Hence the sum of all their volumes is the sum of these volumes as i goes from 1 to n.

which is pi R^3 - pi R^3 [1^2 + 2^2 +...+(n-1)^2]/n^3

now if we have the formula for the sum of these squares, namely (n^3)/3 +
terms of lower degree,

we see that as n goes to infinity, this quantity approaches pi R^3 - (1/3)(pi)R^3

= (2/3)pi R^3 = volume of a hemisphere (or semi - volume enclosed by a sphere).

thus indeed knowing the sum of the squares implies one can compute volume of a spherical solid.

 

[mathwonk]

as to area under a parabola like y = x^2, one subdivides the x-axis between 0 and b, into n equal parts, each of length b/n, and circum scribes rectangles over the parabola in each subinterval, the ith one having area (ib/n)^2(b/n) = i^2 b^3/n^3.

adding up from i =1 to i=n, gives us b^3 [n^3/3 +...]/n^3, which as n goes to infinity, approaches b^3/3.

again the only ingredient of the problem is the sum of the first n squares.

so archimedes made a very intelligent use out of that one formula, plus his understanding of limits.

which pretty much makes him father of integral calculus, if you wish.
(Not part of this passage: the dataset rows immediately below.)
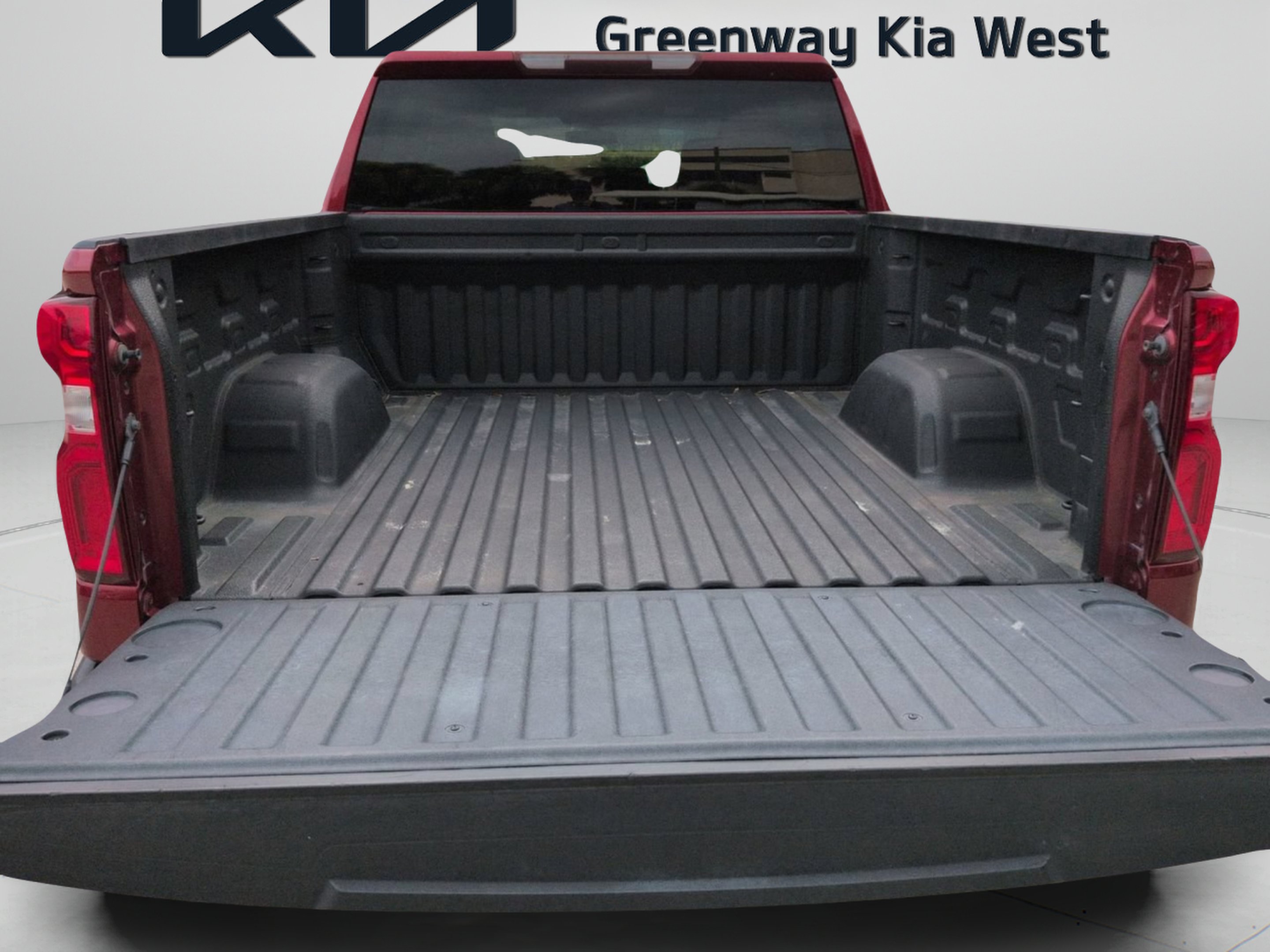 Used 2020 Cajun Red Tintcoat Chevrolet RST image 14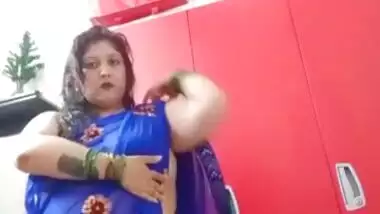 Sexy bhabhi Boob Visable in Sare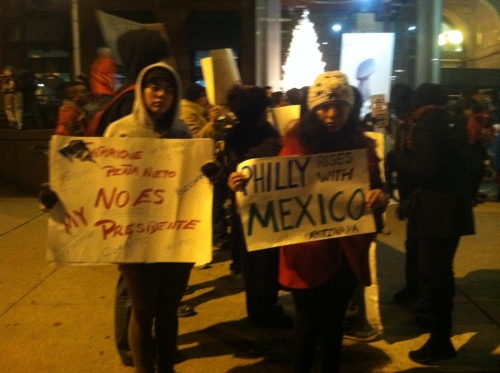 Manifestantes afuera del consulado mexicano. 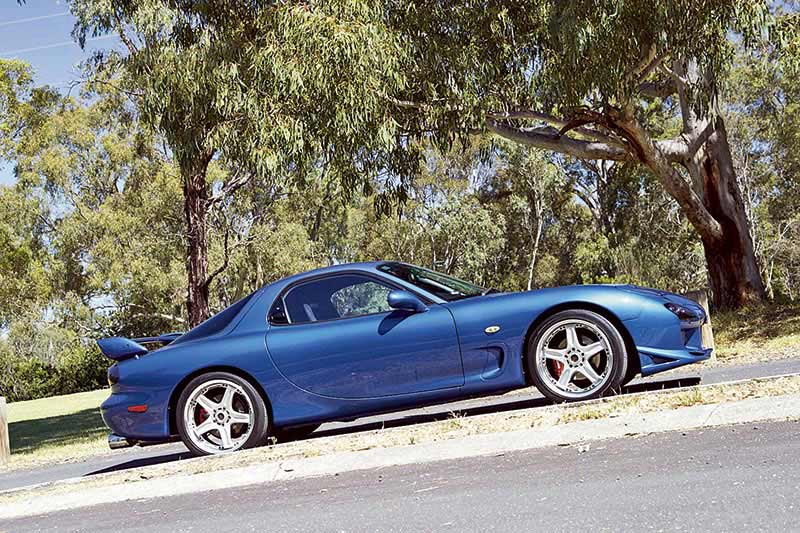 Mazda Rx -7 Bathurst R Sideview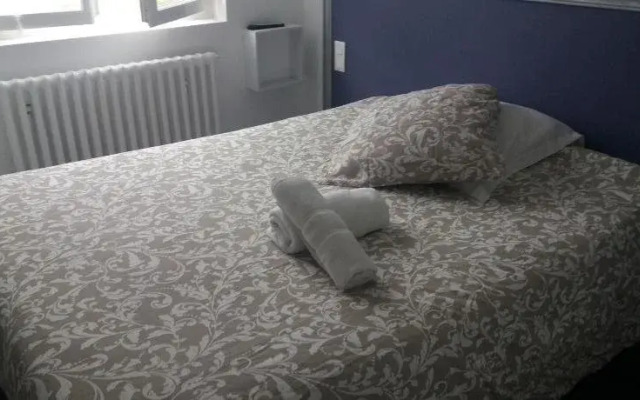 Cabareté Hotel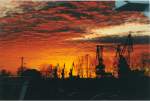 Meere und Seeh�fen Blick von der Reglitz auf den Abendhimmel �ber dem Stettiner Hafen. Das Bild ist von August 2002.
i do not understand sow ell how he compouted the surface area of a sphere, unless he did it the way we do in calculus, approximating it by cones. i guess that's it. one of his books was on cones i think. so he was sort of the master of quadratic mathematics.

 

[tongos]

this has nothing to do with limits, but i thought up this way of finding the sum of the squares, which i thought was pretty cool.
1^2+2^2+3^2+4^2+5^2...x^2

all you have to do is look at increasing three digit numbers, and the amount of combinations in an increasing three digit number is 1+2+3+4+5+6+7+(1+2+3+4+5+6)+(1+2+3+4+5)...

but there is any easier way to express this, it could be 9(8)(7)/6 because an increasing number is only one out of six.

now look 100(1)+/99(2)/+98(3)+/97(4)/+96(5)+/95(6)/...+/1(100)/= 102(101)(100)/6

and 99(1)+97(2)+95(3)+93(5)...+1(50)

so the terms in / / are going to be repeated again, and you divide that by two so you get the series below, and you get (102)(101)(100)/24 as the sum which is (2n+2)(2n+1)(2n)/24 which is equal to the sum of the nth squares.
kind of a cool way. to find the sum of cubes, use four digit numbers.